→ **PROVIDED RECORDS**
++++++++

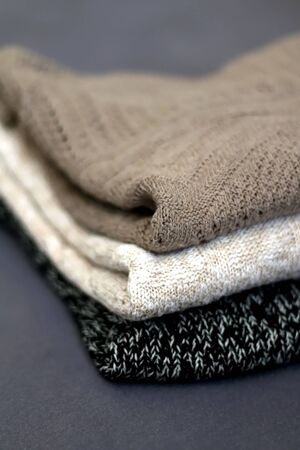 Pile of sweatres in neutral colors. Selective focus.の写真素材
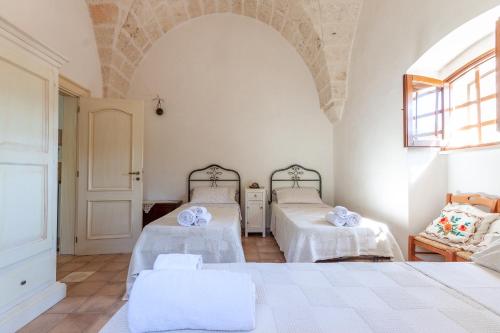 a bedroom with two beds with white sheets at Le Dimore Di Speziale in Fasano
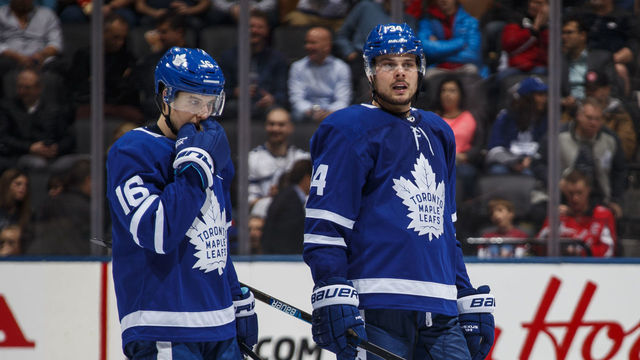 TORONTO, ON - JANUARY 23: Auston Matthews #34 of the Toronto Maple Leafs talks with teammate Mitch Marner #16 after a whistle during the third period against the Washington Capitals at the Scotiabank Arena on January 23, 2019 in Toronto, Ontario, Canada.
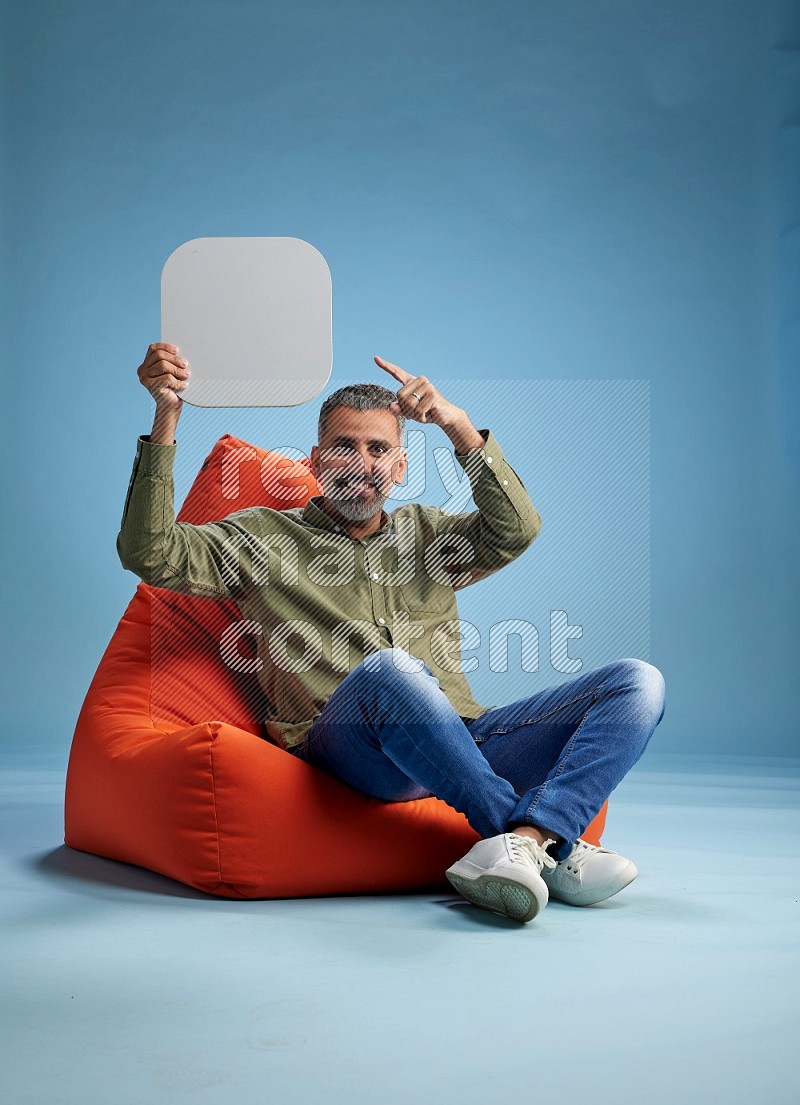 A man sitting on a orange beanbag and holding social media sign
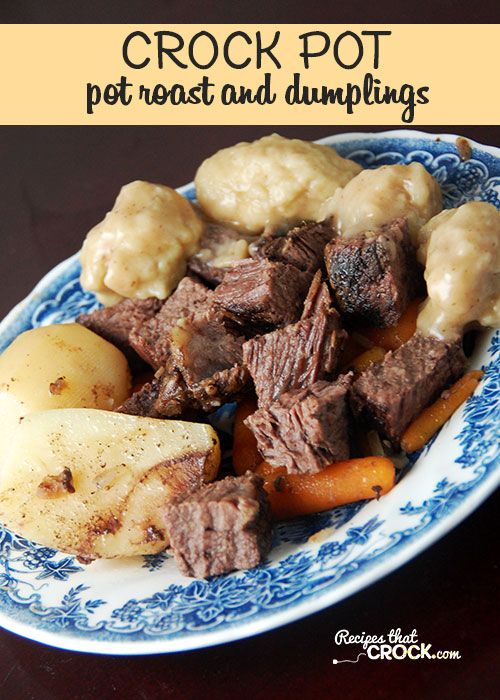 a blue and white plate topped with meat, potatoes and gravy on top of a wooden table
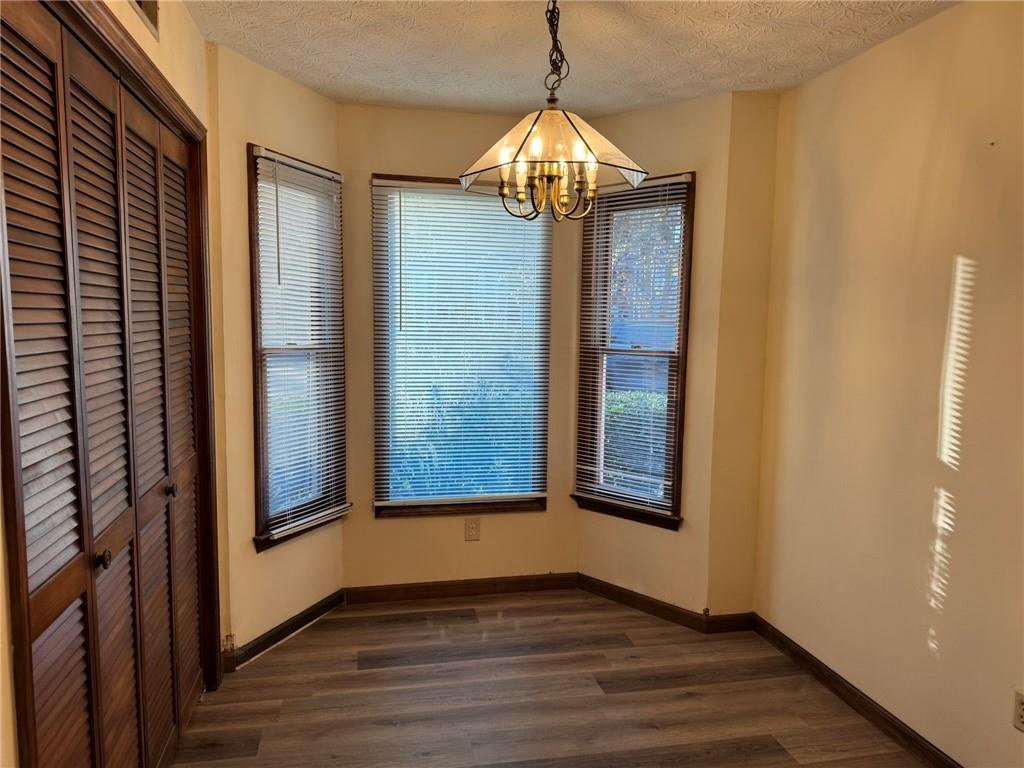 1105 Booth Court Southwest, Unit 1105 Marietta, GA 30008 - Photo 15 of 28 a view of an empty room with wooden floor and a window
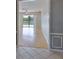 Bright living room with wood floors and sliding glass doors overlooking the pool at 4627 56Th E Dr, Bradenton, FL 34203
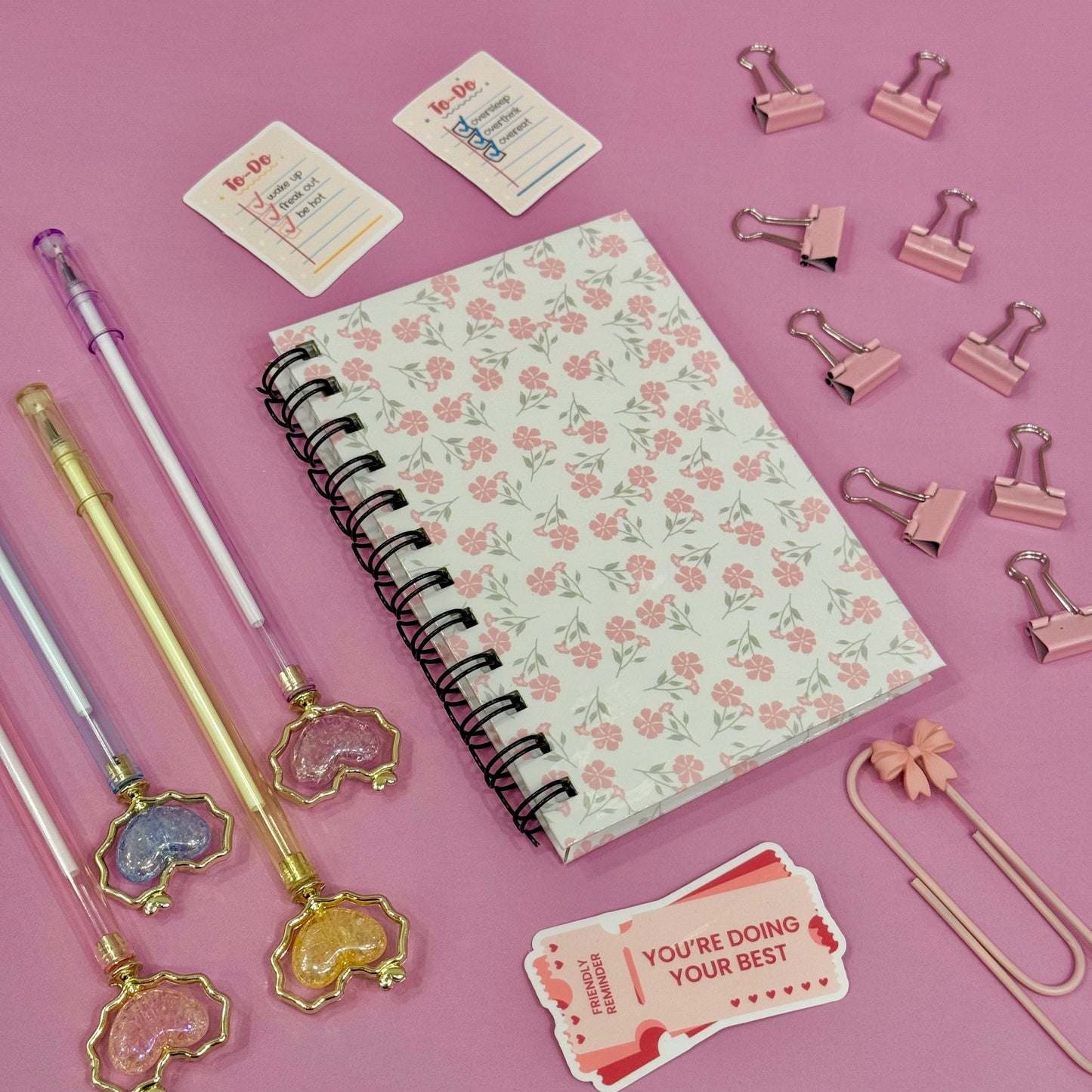 Floral notebook with stationery items on a pink background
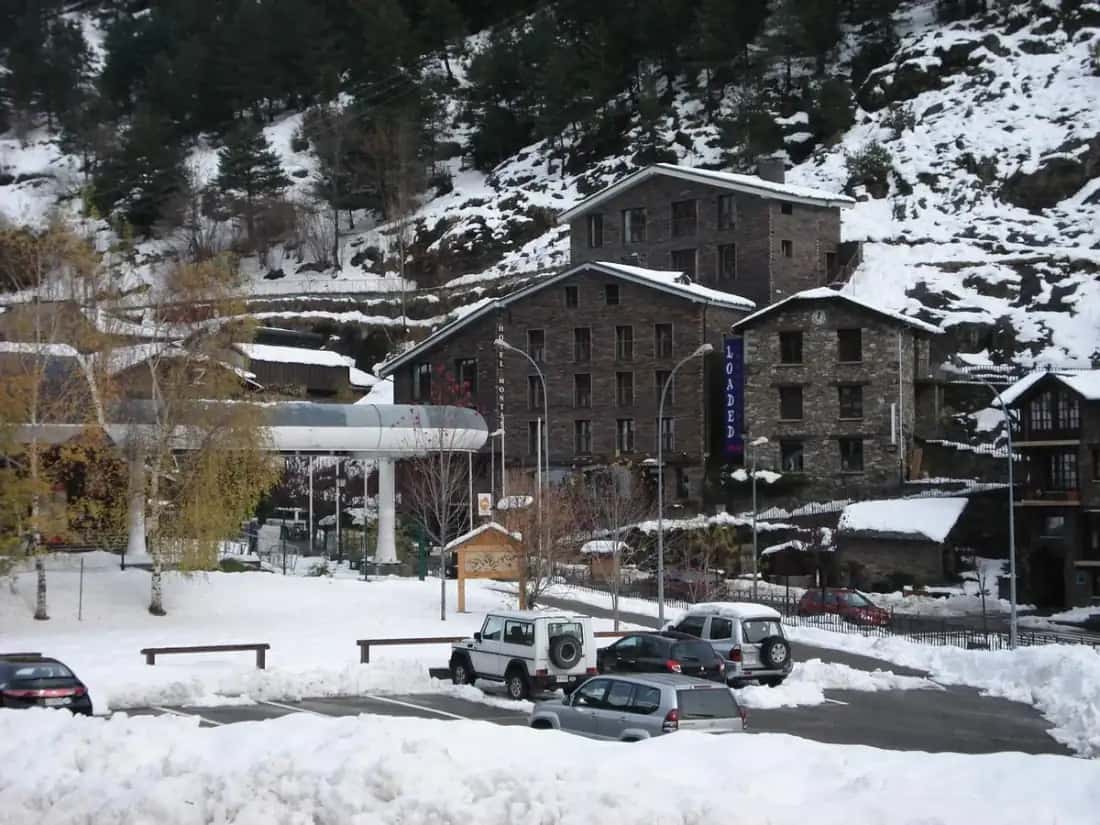 Hotel Montané exterior with mountain backdrop in Arinsal, Andorra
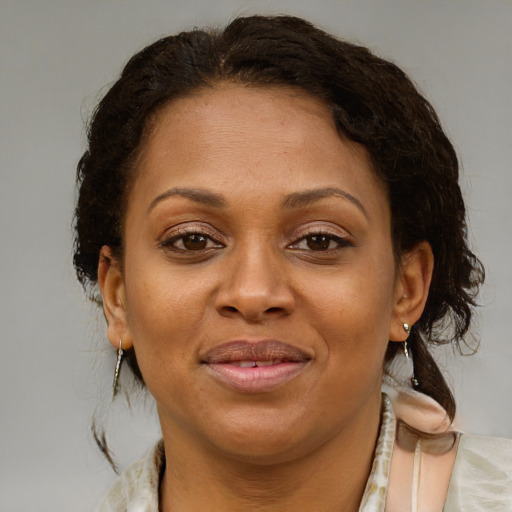 Joyful black young-adult female with medium  brown hair and brown eyes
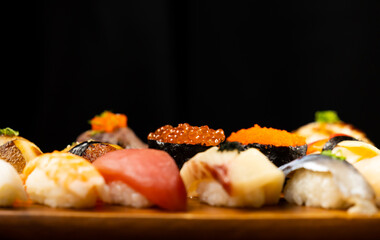 Assorted japanese sushi food. sushi with tuna, crab, salmon, eel and rolls. Japanese food isolated on wood background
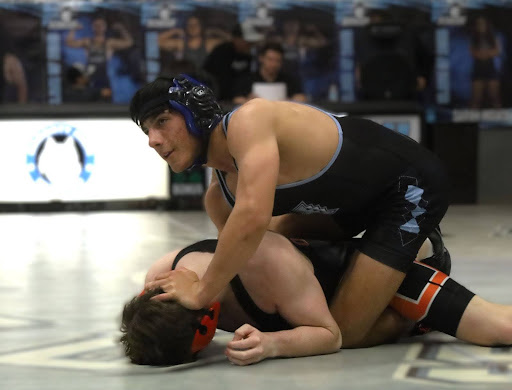 Senior Troy Aschbrenner is trying to run a half against his opponent in the 135-pound weight class. He lost the match 4-8. Hagerty beat Oviedo 53-24 on senior night. 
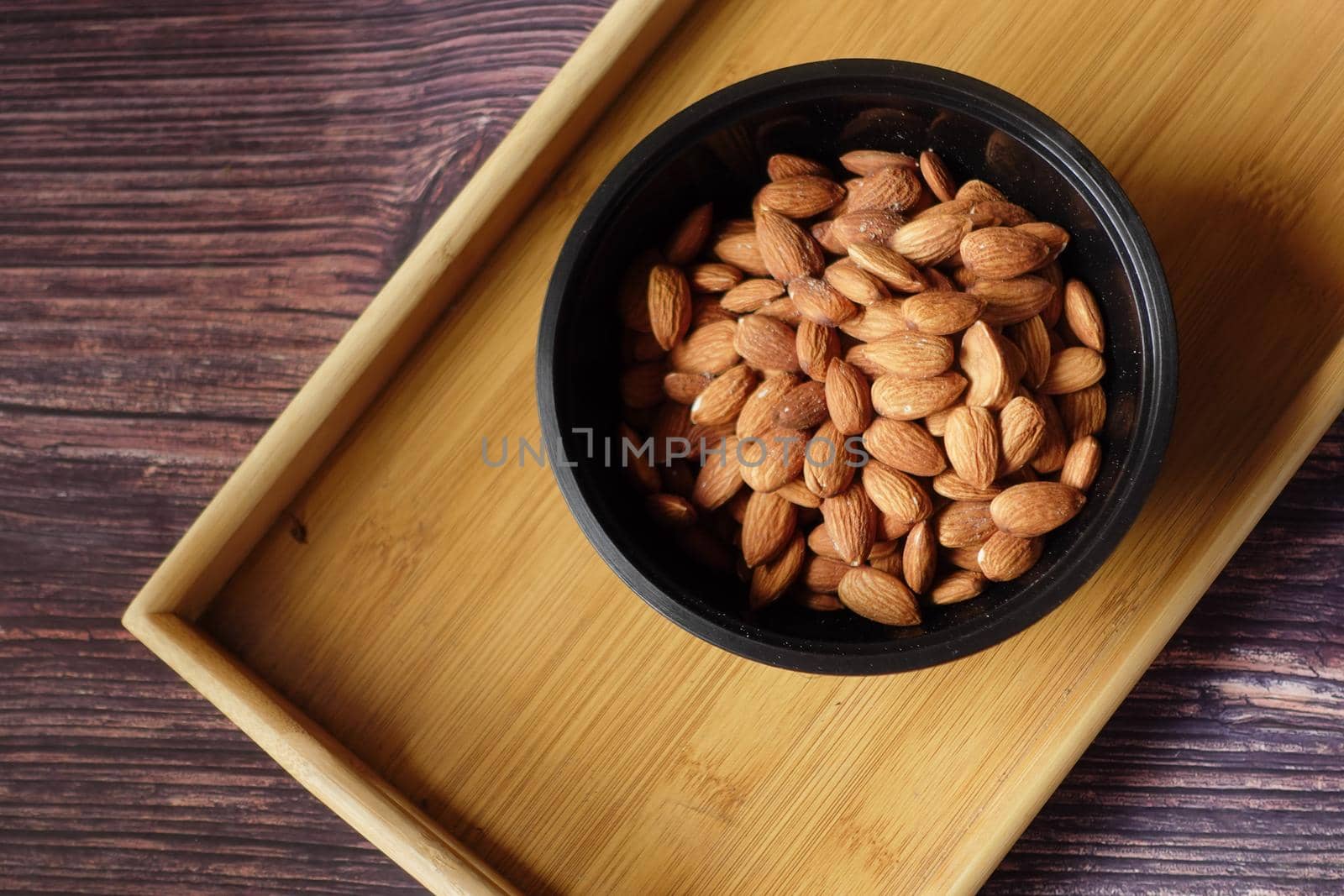 top view of almond nut in a bowl on table .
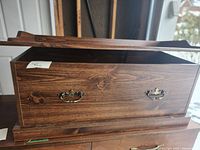 Exterior of wooden chest with lid partially open showing brass-tone handles and raised base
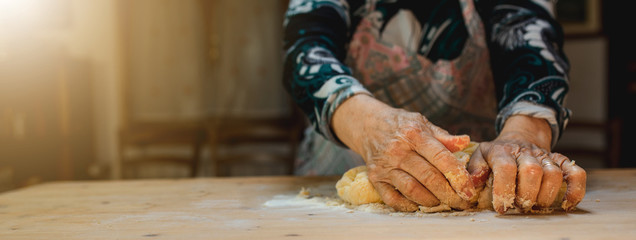 Close up of old woman hands kneading dough to prepare handmade pasta on a wooden cutting board....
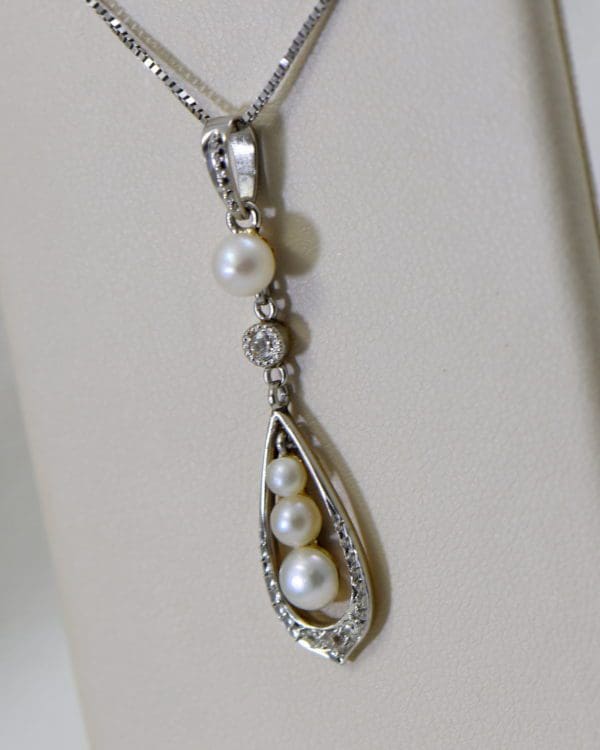 edwardian platinum over gold pearl pendant with mine cut diamond accents 3.JPG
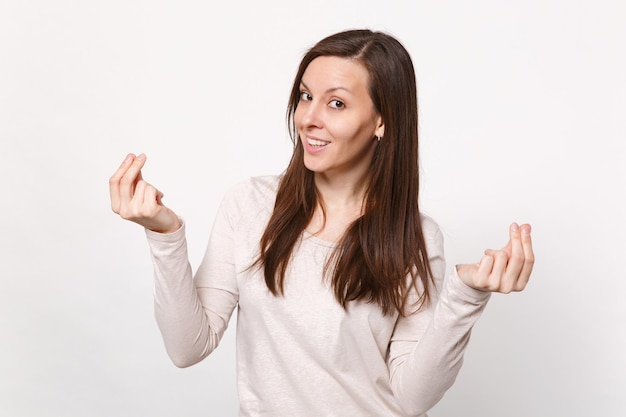 Smiling young woman in light clothes rubbing fingers, showing cash gesture asking for money isolated on white wall background in studio. People sincere emotions, lifestyle concept. Mock up copy space.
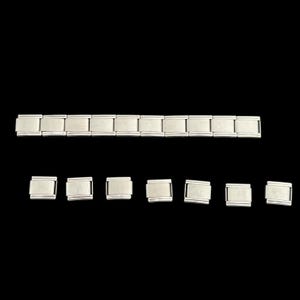 May include: Silver-toned rectangular charm bracelet links and individual charms against a black background. The bracelet is composed of multiple rectangular links. Several individual charms are also displayed.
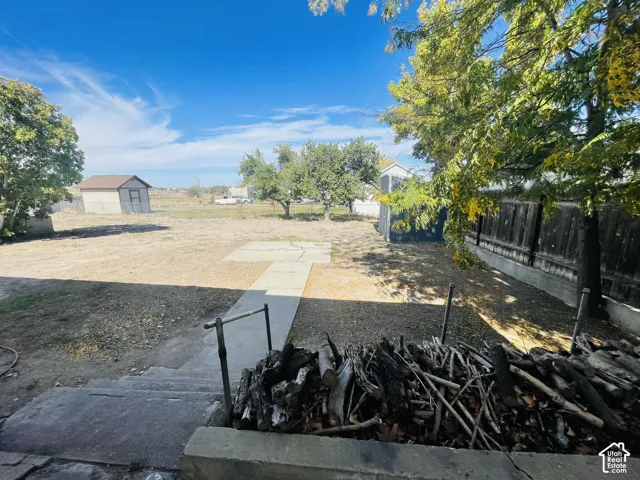 Expansive yard featuring mature trees, a concrete patio, a wooden privacy fence, and two storage sheds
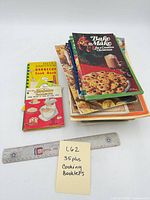 Stack of assorted cookery booklets with ruler for scale, top booklet Bake Make & Create for Christmas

++++++++

→ **TASK TO COMPLETE**
Which part of the entries opens with the line containing "A man sitting" and closes with the line containing "Hotel Montané exterior"? Output that part exactly, ends included, pictures excluded.

→ **THE COMPLETED TASK**
 A man sitting on a orange beanbag and holding social media sign
 a blue and white plate topped with meat, potatoes and gravy on top of a wooden table
 1105 Booth Court Southwest, Unit 1105 Marietta, GA 30008 - Photo 15 of 28 a view of an empty room with wooden floor and a window
 Bright living room with wood floors and sliding glass doors overlooking the pool at 4627 56Th E Dr, Bradenton, FL 34203
 Floral notebook with stationery items on a pink background
 Hotel Montané exterior with mountain backdrop in Arinsal, Andorra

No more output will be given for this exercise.